Has he retired? Really? I still have trouble believing it. I like to imagine he could get a Ducati wildcard, like Troy Bayliss at Valencia in 2006.
The world is upside down these days. Rossi’s career looks like a beautiful pre-COVID and pre-war dream. Look what we had. Look what he gave us. It was beautiful.
So, who was your favorite pilot of this season? Rossi, Pedrosa, Lorenzo, Stoner… we know it’s hard!
Is there anything you think MotoGP fans will only find here in a video game that they couldn’t see in a live event or documentary?
I think the pure novelty will attract people. The first time you do something new is always special – as long as the experience is good. Crossed fingers.
Whether it’s a unique shape or an established shape, who knows? It’s definitely different and it definitely gives you insights and experiences that you won’t get with other media.
Sports documentaries are often blamed for the way they try to make motorsport a spectacle, but it’s also true that this is what keeps people entertained. Do you feel like you’ve found the right balance between these two souls?
I started doing motorcycle movies because I’m a biker, not a racer, but I’ve been riding bikes all my life. As a biker, I care about how motorcycle racing is portrayed. Rule number one: stay realistic.

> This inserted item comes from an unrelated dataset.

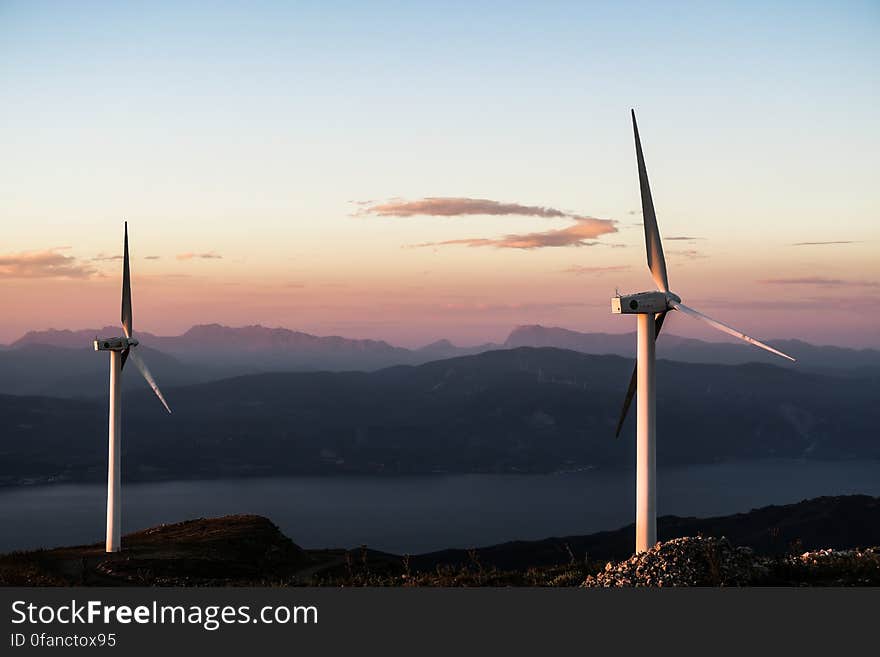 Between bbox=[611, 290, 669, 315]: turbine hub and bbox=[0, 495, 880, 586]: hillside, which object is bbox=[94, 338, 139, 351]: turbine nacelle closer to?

Motorcyclists know the essence of sport – freedom, thrills and risks. These are things you feel when you ride. There’s a much stronger kinship between bikers and motorcycle racers than between people who drive cars and Formula 1 racers. So while you’re trying to create something that will appeal to as many people as possible, you can never forget your primary audience: people who have motorcycling in their blood.
MotoGP is not Formula 1 on two wheels. It’s much more dangerous and much more exciting. On a good day, it’s exactly what your mother says it is: crazy. That’s why we love it.